Lo scrittore Simone Perotti: "E' il primo passo che porterà necessariamente ai futuri Stati Uniti del Mediterraneo"

8 Luglio 2020 | di Maria Cristina Sabatini

Il Mediterraneo ha trovato la sua bandiera. Tre strisce di mare, cielo e terra che, unite in maniera complementare, danno vita ad un albero di ulivo, elemento comune di tutti gli Stati che si affacciano sul Mediterraneo e segno di longevità, pace e forza, mentre al centro svetta un grande sole giallo.

Sono questi i colori e gli elementi che compongono la prima bandiera del Mediterraneo. Ad aggiudicarsi la competizione, con 1797 su 5803 è stato, nei giorni scorsi, il vessillo progettato dagli studenti della Scuola di Architettura di Siracusa dell’Università di Catania, Guglielmo PersanoSalvatore Scollo e Hushmand Toluian, .

A lanciare per primo l’idea di una “bandiera per il Mediterraneo” è stato lo scrittore Simone Perotti, assieme a Progetto Mediterranea, la spedizione nautica, culturale, scientifica e sociale che, dal 2013 al 2019, ha veleggiato per ben 20.000 miglia, solcando tutto il Mediterraneo e spingendosi fino al Mar Nero e al Mar Atlantico, alla ricerca delle radici comuni dell’identità mediterranea.

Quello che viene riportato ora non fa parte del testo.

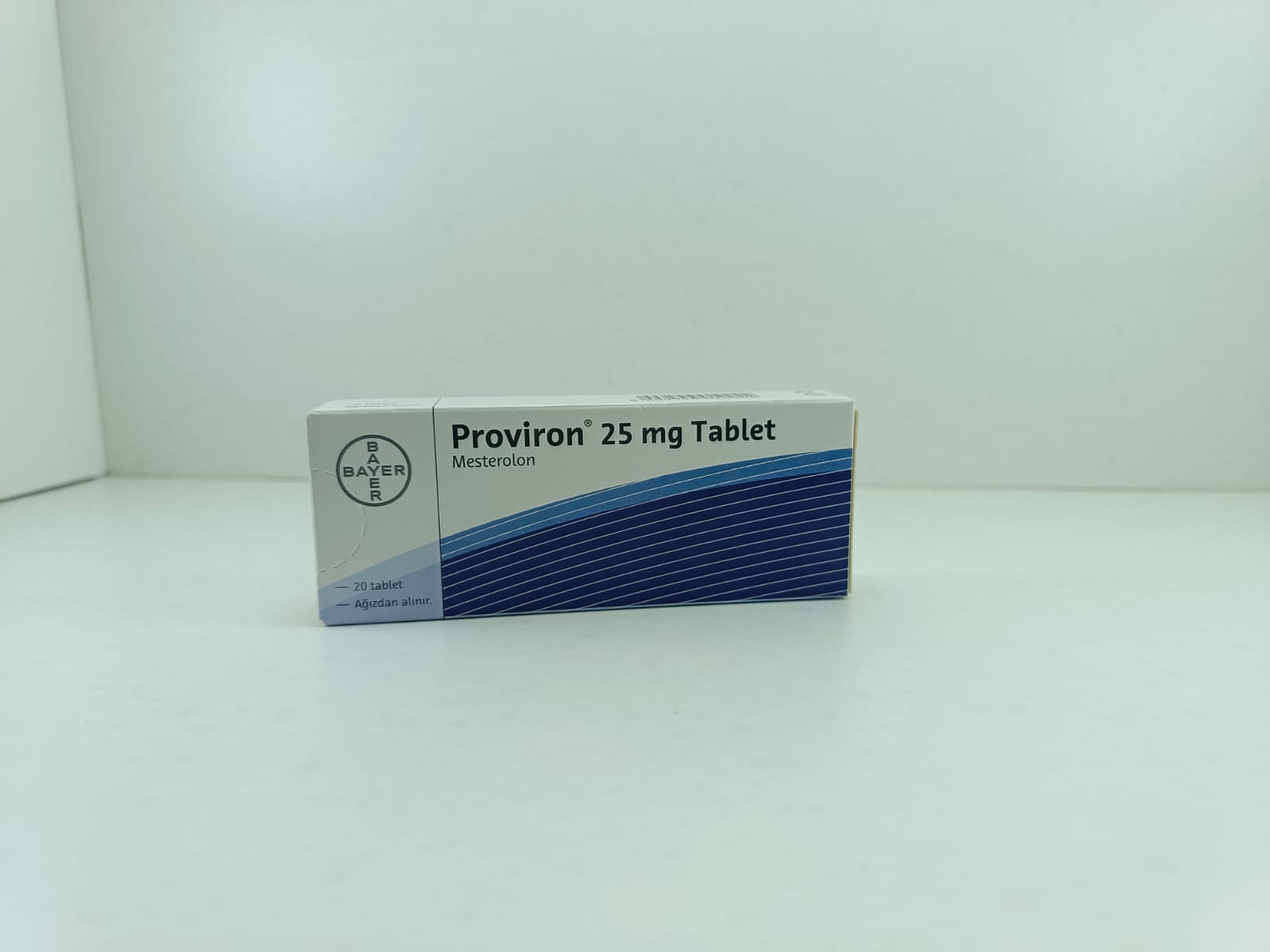 proviron  25 mg (mesterolone)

Circa 900 i designer, gli artisti ma anche i semplici appassionati che hanno deciso di partecipare all’iniziativa. Oltre 5.800 le persone che hanno espresso il proprio voto e 4 le bandiere giunte in finale. A giudicare i progetti, una commissione internazionale di grafici, fotografi, poeti, scrittori e cittadini del Mediterraneo, che hanno selezionato le 4 bandiere ritenute maggiormente rappresentative. Poi la diffusione dei vessilli finalisti da parte di Progetto Mediterranea e il voto popolare che ha decretato il vincitore.

“Sono entusiasta, perfino commosso ha commentato lo scrittore Simone Perotti – non solo perché oggi nasce la bandiera del sub-continente mediterraneo, ma perché per la prima volta, in ossequio a quanto da noi proposto, migliaia di persone hanno guardato al proprio mondo concependo come parte di un unico continente il Libano, il Portogallo, la Georgia, i Balcani, la Giordania”.

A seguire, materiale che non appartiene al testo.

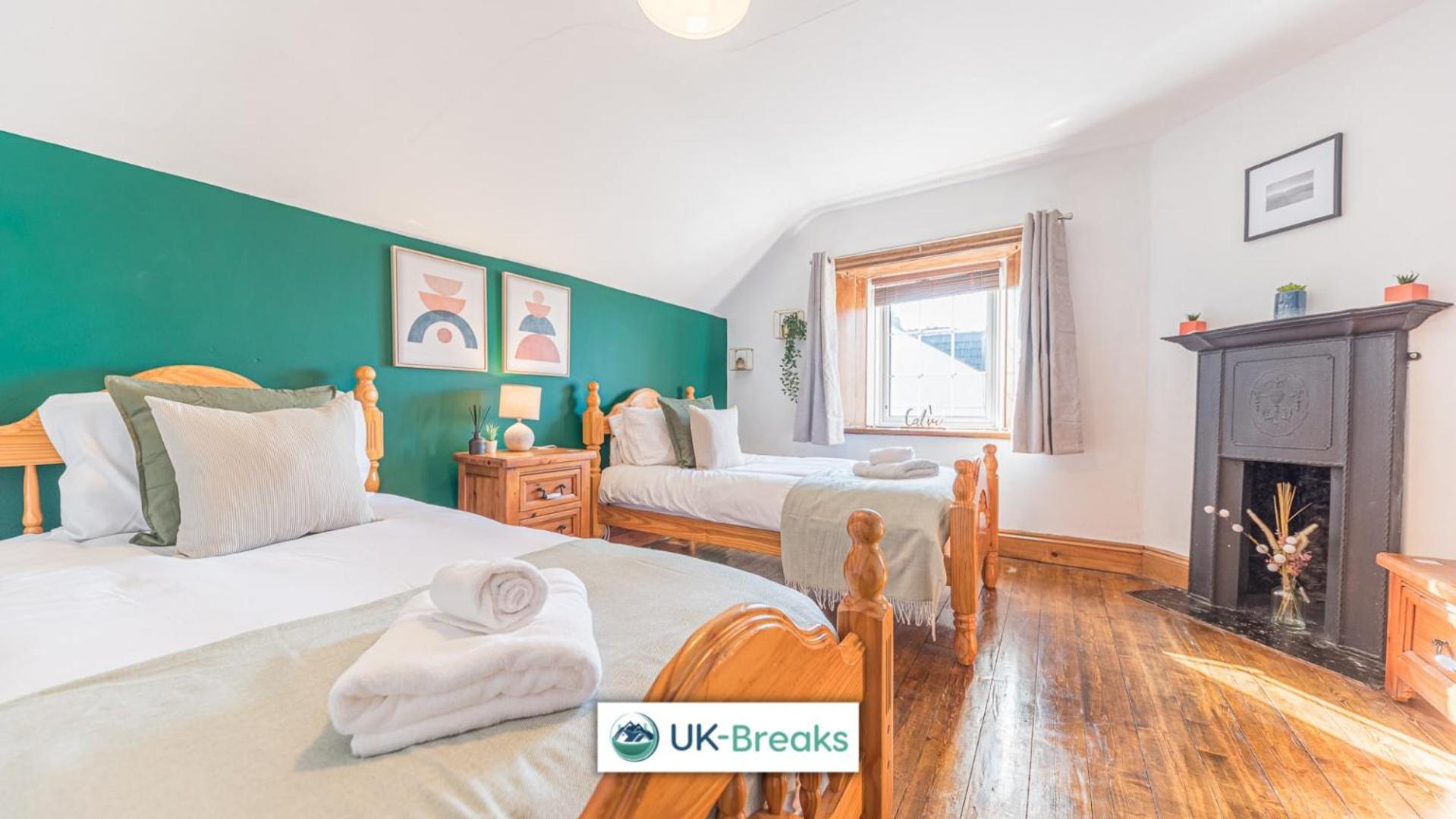 Ennerdale Country Manor Villa Cleator Bagian luar foto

“Il Mediterraneo – ha sottolineato Perotti – non è il Tirreno o l’Adriatico, ma molto di più. Oggi in tanti conoscono almeno il perimetro reale del grande Mediterraneo, un’area di 30 Paesi, di 3 continenti, di mille culture e altrettante diversità. Il vero ‘Sesto Continente‘, dove vivono 400 milioni di persone, e dove si concentra la maggiore ricchezza culturale e sociale del Pianeta”.

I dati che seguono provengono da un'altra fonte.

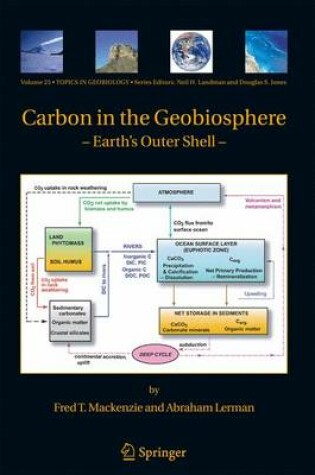 Cover of Carbon in the Geobiosphere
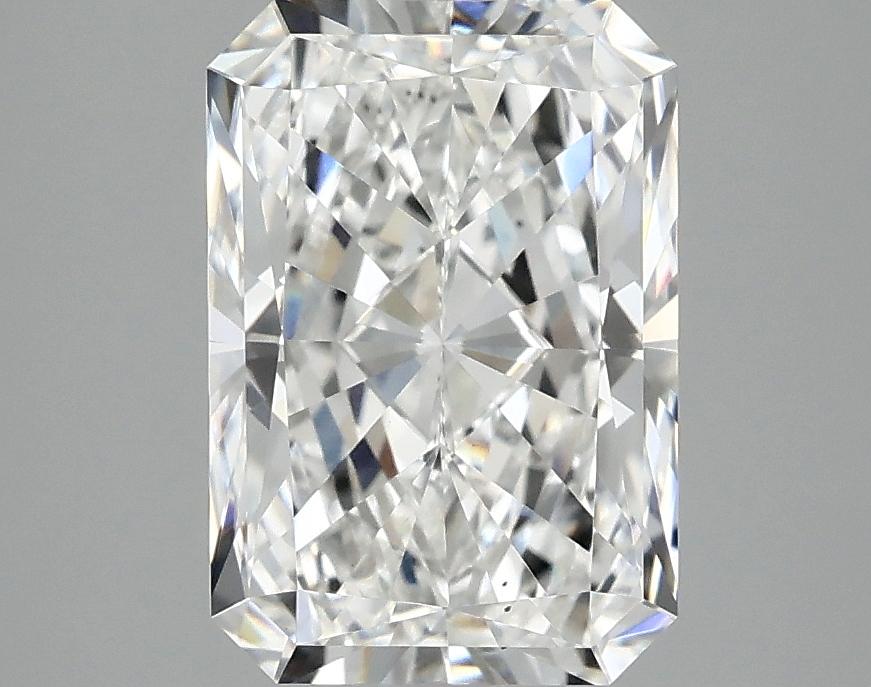 2.97 Carat Radiant Shaped Ideal Cut VS2 IGI Certified Lab Grown Diamond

Questa bandiera – ha concluso Perotti – è il primo passo, il simbolo di pace e integrazione, di coesistenza nella diversità che porterà inevitabilmente e necessariamente ai futuri ‘Stati Uniti del Mediterraneo‘. Ciò di cui, tra l’altro, l’Europa ha urgente bisogno per sopravvivere.Per questo invieremo questa bandiera ai 30 capi di Stato dei Paesi mediterranei, ai vertici dell’Ue ed alle autorità italiane”. La bandiera sarà issata  per la prima volta a bordo di Mediterranea il prossimo 24 luglio, nel corso di una cerimonia pubblica a Porto Maurizio (Imperia), alla presenza degli autori.